* Task goal: Repeat the listing exactly. Do not carry over any pictures.

***** Information provided *****

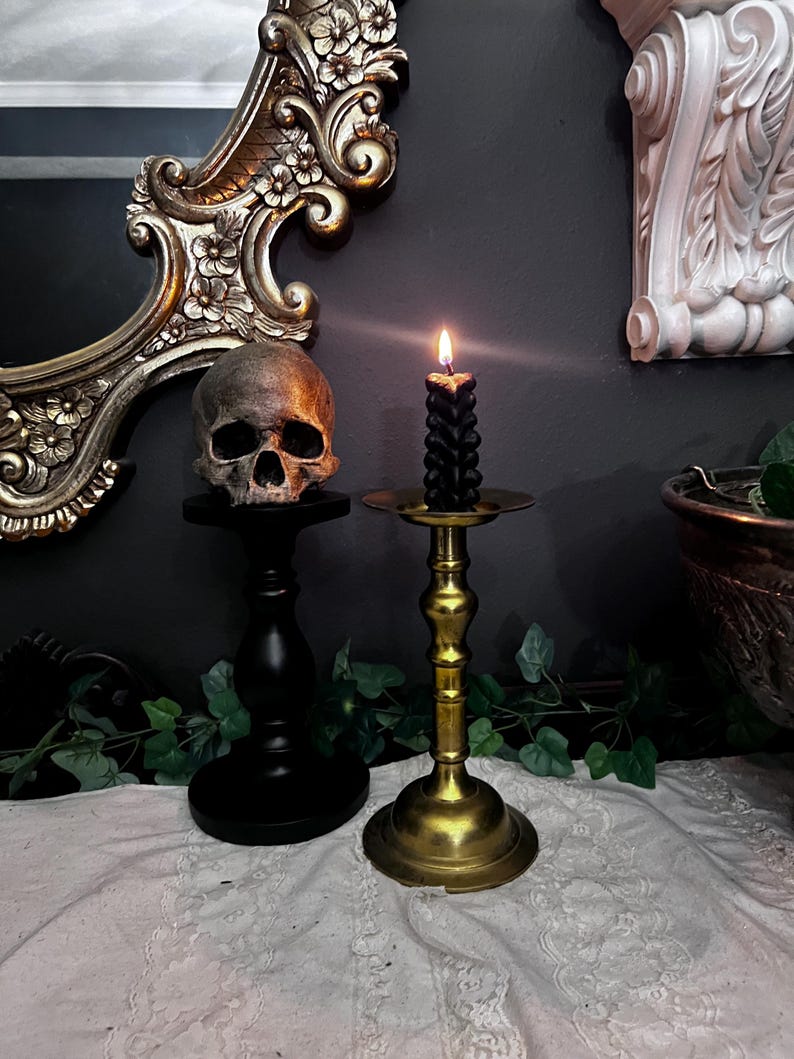 Black White Spine Candle Gothic Decor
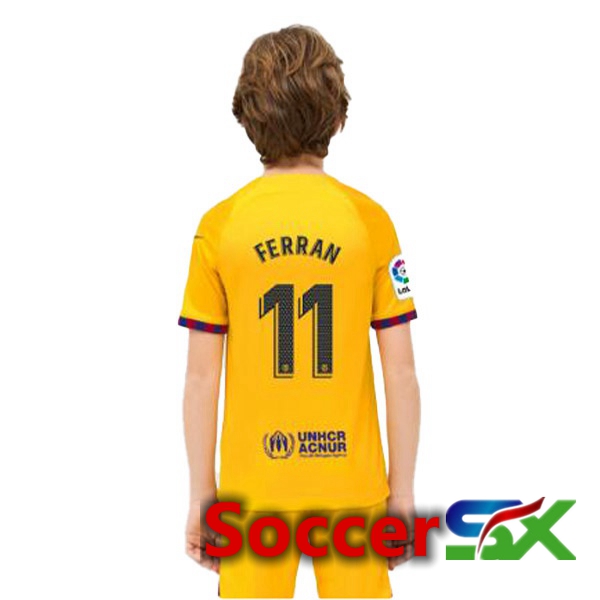 FC Barcelona (FERRAN 11) Kids Soccer Jersey Fourth Yellow 2022/2023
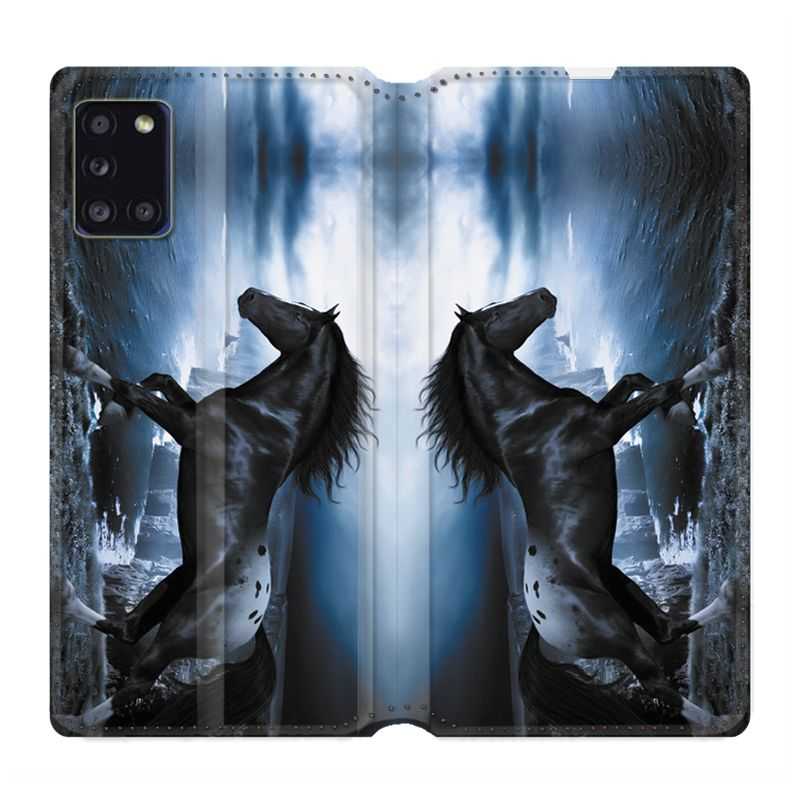 Housse cuir portefeuille pour Samsung Galaxy A31 Cheval Noir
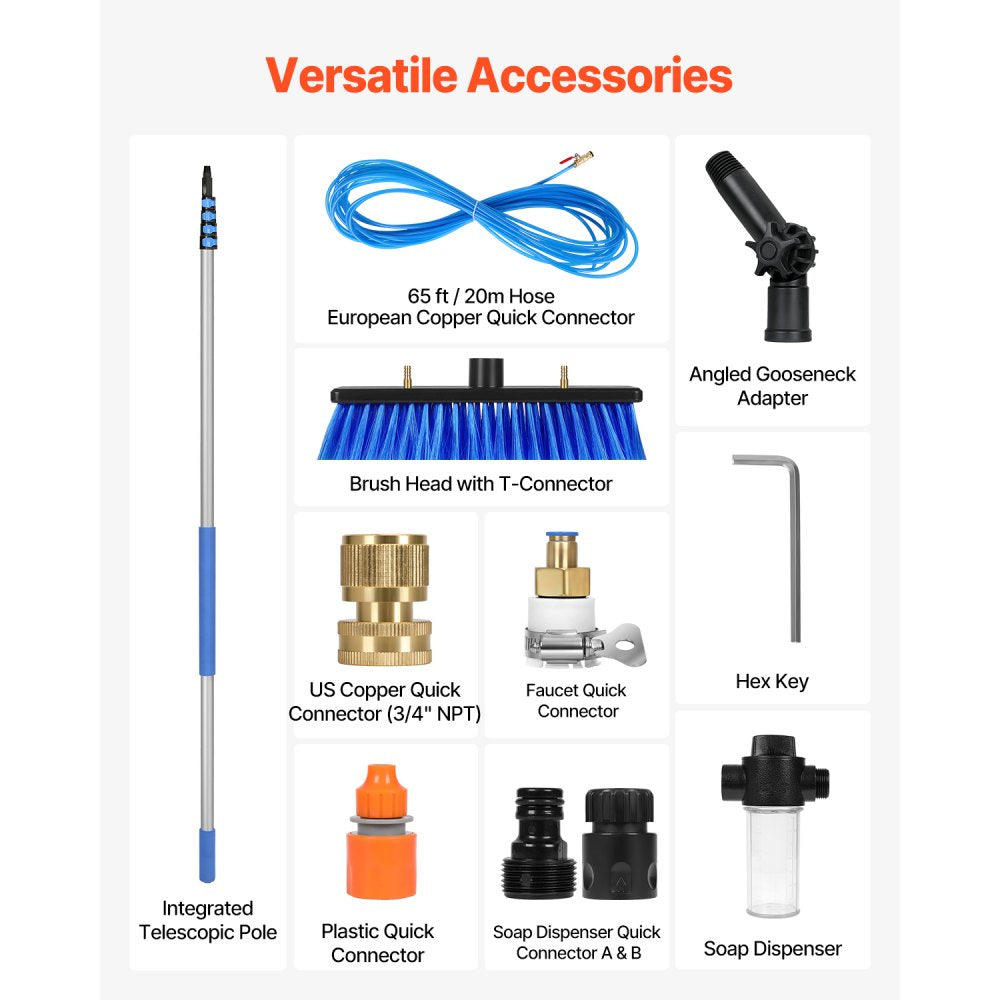 VEVOR Water Fed Pole Kit, 30FT Solar Panel Cleaning Pole with Extendable Handle, 180° Rotatable Brush Head & 65.6FT Hose, Household & Outdoor Window Cleaner Tool for Caravan Solar Panel Deck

*****

* Output:
 Black White Spine Candle Gothic Decor
 FC Barcelona (FERRAN 11) Kids Soccer Jersey Fourth Yellow 2022/2023
 Housse cuir portefeuille pour Samsung Galaxy A31 Cheval Noir
 VEVOR Water Fed Pole Kit, 30FT Solar Panel Cleaning Pole with Extendable Handle, 180° Rotatable Brush Head & 65.6FT Hose, Household & Outdoor Window Cleaner Tool for Caravan Solar Panel Deck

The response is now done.